Many of us join a gym or health club only to cancel our membership just a few months later, after wasting a lot of money for little result.
Shelly Murphy, 29, had worked in the industry and felt that the high turnover of members displayed the presence of an unfulfilled need in the sector. So she decided to establish Royal Day Spa and Health Club, that would pursue a holistic approach to mental and physical well-being and take on members who love visiting her club.
“I started off my working life as a jeweller but I was working hard and not making much money and I needed to make more really,” says Murphy. “So I took a job at a health club and, realising that there was a gap in the market, I set up a consultancy.

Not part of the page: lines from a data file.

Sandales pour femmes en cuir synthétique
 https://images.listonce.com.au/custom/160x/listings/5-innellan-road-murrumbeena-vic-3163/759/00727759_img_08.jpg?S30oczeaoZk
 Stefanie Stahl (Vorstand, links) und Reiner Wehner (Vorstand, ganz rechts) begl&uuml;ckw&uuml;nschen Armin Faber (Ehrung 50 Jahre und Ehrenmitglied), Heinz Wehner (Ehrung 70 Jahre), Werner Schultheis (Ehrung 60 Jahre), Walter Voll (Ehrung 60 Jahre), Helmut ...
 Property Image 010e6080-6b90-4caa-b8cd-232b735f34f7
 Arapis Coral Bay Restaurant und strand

“ I was going into startup companies doing their sales and marketing for them and boosting their membership. This developed into handling staffing and making their club a better place to be.”
But Murphy soon found that it wasn’t enough to be running other people’s affairs for them and she longed for something of her own.
“I was away from home a lot and I wanted to start my own club up, however this took a lot longer then I expected.”
Murphy found two sites that were suitable, but just when she was on the brink of closing the deal they fell through.
Finally, she found her ideal building in Tunbridge Wells, which is connected to an apartment block and is now her venue. However, getting started was going to be an uphill battle.
Murphy had to endure two years of wrangling over deals, planning, building works and to top it all off she lost her business partner during that time too.
“It was a very frustrating time and I had to find some work to keep me going financially,” she says.
She lost her business partner after over a disagreement of how the business was to be run.
“We disagreed about the type of club we wanted to set up, he wanted a gym but I thought that a Spa was the way to go forward.”
Shelly wanted to break the mould of a traditional health club and make her business an exclusive top of the range centre for health and well-being. Her own family background had given her many of the ideas and themes for her club.
“Mum was a bit of a hippy,” she says. “So I was already very familiar with many of the concepts involved.”
But the subsequent loss of her partner had major implications for the funding of the business and she was now fifty percent short of investment. However, Murphy gritted her teeth and tackled the problem head on.